Speaking during “patient safety grand rounds” on Oct. 29, parents Horst and Luisa Ferrero talked about how the death of their son Sebastian in October, 2007, drastically changed their lives. The presentation helped kick off a new, four-year patient-safety curriculum at the College of Medicine aimed at preventing harmful medical errors.
“This course is vital towards giving us the right perspective in patient care,” said Daniel Lodwick, a first-year medical student. “I honestly don’t know how other classes have gone without it.”

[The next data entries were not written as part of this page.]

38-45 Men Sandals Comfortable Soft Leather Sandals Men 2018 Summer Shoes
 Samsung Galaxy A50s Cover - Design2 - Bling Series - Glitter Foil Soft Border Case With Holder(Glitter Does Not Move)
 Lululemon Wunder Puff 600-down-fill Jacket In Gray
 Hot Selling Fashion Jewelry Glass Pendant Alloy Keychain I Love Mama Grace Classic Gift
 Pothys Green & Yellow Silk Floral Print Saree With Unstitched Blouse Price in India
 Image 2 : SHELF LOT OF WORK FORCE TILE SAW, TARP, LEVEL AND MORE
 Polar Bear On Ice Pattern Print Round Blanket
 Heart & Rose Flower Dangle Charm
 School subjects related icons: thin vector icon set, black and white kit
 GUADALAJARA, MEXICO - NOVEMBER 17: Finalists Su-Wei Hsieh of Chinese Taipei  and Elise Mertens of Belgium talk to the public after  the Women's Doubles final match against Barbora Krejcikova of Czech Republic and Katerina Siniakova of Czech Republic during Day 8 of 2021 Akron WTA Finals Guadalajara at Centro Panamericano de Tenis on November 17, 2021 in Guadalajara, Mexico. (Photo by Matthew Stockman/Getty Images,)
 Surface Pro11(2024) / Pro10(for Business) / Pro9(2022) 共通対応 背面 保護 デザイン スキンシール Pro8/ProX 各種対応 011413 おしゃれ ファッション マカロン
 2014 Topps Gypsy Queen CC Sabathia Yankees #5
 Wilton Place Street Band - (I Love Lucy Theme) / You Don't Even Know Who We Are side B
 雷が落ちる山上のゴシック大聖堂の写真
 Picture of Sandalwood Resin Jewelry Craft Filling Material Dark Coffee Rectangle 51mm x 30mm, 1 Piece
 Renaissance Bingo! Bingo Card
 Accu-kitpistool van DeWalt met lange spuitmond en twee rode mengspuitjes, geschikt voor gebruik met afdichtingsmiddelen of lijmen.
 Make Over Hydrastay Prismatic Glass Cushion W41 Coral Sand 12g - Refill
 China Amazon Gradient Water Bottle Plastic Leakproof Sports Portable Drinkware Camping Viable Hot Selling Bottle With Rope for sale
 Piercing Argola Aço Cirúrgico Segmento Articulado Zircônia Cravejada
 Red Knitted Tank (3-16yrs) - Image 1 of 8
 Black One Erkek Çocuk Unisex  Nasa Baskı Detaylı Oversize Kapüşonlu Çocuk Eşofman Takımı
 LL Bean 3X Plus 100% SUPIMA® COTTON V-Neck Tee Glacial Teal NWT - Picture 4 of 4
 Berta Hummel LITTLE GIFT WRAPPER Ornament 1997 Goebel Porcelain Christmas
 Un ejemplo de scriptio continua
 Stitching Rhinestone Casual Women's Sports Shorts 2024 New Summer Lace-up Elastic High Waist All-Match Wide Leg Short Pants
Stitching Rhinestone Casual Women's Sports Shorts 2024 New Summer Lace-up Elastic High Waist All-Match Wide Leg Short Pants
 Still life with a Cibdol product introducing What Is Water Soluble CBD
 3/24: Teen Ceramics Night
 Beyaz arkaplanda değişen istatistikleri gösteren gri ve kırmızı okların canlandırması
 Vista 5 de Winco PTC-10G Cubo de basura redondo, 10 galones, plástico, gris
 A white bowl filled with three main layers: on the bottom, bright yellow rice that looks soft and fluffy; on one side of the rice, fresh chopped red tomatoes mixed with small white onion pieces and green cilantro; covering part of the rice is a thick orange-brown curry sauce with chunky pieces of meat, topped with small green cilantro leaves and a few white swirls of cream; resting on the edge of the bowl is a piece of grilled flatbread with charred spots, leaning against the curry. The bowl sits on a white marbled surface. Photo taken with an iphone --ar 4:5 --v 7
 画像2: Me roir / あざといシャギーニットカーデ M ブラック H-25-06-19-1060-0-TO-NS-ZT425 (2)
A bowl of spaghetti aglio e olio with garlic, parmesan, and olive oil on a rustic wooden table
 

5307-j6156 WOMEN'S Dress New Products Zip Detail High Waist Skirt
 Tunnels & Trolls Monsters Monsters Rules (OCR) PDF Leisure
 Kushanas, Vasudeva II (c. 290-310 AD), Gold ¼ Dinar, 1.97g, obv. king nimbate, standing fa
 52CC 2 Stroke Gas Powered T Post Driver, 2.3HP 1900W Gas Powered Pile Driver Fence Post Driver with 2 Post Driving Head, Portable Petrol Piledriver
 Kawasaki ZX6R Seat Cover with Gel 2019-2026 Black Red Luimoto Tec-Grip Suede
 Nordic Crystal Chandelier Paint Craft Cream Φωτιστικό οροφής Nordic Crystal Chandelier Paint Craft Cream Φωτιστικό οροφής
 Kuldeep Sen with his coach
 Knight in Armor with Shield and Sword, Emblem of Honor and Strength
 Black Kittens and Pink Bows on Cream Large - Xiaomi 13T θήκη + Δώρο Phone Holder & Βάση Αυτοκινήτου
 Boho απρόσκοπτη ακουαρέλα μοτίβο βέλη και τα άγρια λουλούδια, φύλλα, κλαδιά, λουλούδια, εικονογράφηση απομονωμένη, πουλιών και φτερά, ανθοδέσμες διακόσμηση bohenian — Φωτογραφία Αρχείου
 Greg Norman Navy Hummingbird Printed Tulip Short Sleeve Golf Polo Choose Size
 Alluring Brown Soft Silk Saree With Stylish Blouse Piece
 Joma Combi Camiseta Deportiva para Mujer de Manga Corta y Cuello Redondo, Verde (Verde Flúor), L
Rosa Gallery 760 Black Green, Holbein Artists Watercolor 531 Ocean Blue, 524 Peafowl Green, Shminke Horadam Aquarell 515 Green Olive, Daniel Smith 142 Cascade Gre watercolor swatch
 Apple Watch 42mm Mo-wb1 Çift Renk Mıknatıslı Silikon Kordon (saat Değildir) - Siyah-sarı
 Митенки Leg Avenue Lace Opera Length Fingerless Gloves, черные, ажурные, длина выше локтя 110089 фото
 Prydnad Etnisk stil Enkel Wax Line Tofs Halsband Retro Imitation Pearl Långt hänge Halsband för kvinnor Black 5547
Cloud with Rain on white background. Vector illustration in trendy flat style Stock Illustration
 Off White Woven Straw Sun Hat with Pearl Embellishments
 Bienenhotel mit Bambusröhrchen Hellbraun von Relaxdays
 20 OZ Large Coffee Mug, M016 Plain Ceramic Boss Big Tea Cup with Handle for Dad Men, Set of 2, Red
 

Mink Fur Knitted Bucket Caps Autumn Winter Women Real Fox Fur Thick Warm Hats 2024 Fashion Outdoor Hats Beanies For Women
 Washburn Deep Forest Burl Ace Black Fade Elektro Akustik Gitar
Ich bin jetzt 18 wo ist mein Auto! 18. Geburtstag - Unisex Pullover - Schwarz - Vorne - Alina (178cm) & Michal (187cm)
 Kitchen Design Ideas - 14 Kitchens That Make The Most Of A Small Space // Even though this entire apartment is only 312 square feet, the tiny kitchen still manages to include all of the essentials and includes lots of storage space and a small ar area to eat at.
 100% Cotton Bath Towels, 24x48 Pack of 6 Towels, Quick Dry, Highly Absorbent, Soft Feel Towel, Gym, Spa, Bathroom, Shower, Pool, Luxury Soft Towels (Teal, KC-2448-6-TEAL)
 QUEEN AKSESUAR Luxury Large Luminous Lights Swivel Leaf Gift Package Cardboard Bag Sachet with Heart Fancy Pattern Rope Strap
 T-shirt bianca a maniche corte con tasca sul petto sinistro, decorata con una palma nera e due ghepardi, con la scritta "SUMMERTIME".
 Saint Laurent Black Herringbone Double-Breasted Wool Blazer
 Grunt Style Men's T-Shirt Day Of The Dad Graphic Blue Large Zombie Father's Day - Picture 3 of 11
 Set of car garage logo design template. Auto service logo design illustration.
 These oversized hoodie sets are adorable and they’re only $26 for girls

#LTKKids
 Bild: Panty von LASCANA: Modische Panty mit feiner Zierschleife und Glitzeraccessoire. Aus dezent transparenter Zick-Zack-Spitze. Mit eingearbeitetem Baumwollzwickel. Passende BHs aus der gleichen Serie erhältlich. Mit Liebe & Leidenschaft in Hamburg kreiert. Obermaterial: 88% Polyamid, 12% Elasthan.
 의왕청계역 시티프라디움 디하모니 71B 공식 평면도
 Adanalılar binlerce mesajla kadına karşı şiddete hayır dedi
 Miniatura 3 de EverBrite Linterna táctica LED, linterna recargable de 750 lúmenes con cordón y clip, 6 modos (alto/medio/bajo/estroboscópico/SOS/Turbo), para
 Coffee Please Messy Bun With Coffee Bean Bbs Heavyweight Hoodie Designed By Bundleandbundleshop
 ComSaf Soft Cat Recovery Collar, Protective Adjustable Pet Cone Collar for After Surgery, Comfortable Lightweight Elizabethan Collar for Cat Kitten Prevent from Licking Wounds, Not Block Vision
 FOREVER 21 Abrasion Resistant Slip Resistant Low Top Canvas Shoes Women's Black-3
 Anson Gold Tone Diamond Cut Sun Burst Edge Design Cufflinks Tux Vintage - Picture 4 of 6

Although other schools have developed comprehensive patient-safety curriculums, members of the UF College of Medicine believe their curriculum is “definitely unique,” said Marvin A. Dewar, M.D., J.D., associate dean for continuing medical education and vice president for Affiliations and Medical Affairs at Shands HealthCare.
“I don’t believe such an integrated, longitudinal program that spans all four years exists at another medical school,” he said. “The curriculum should be looked at as a model for other medical colleges.”
The Gainesville couple asked the students to learn from the mistakes that resulted in their son’s death and encouraged them to consider five important points:
- Treat every patient with compassion, courtesy and dignity.
- Give every patient the time and attention they deserve.
- Listen to parents. They know their child better than anyone, and they are speaking on their behalf.
- Work as a team with your colleagues and staff. Patient safety is everybody’s responsibility.
- Don’t assume that others have already checked; double-checking can save lives.
“Losing a child feels like dying,” Luisa Ferrero told a packed auditorium in the Medical Science Building. “You have to learn to walk again.”
Following grand rounds, first-year medical students discussed the Ferreros’ talk in small groups.
“With physicians being forced into seeing more patients per day, pressure is added to move quickly with patients,” Lodwick explained. “Our group realized the importance of setting quality standards before getting out and practicing in order to avoid shortchanging patients out of the care they deserve.”
The four-year curriculum begins with the Class of 2012 but doesn’t stop there. The patient-safety curriculum committee is identifying ways to incorporate its patient safety education into the curriculum of the second, third and fourth-year medical students, said Omarya Marrero, president of the 2009 medical class and a member of the curriculum committee.
“Otherwise, you have a missed opportunity with 350 students,” she said.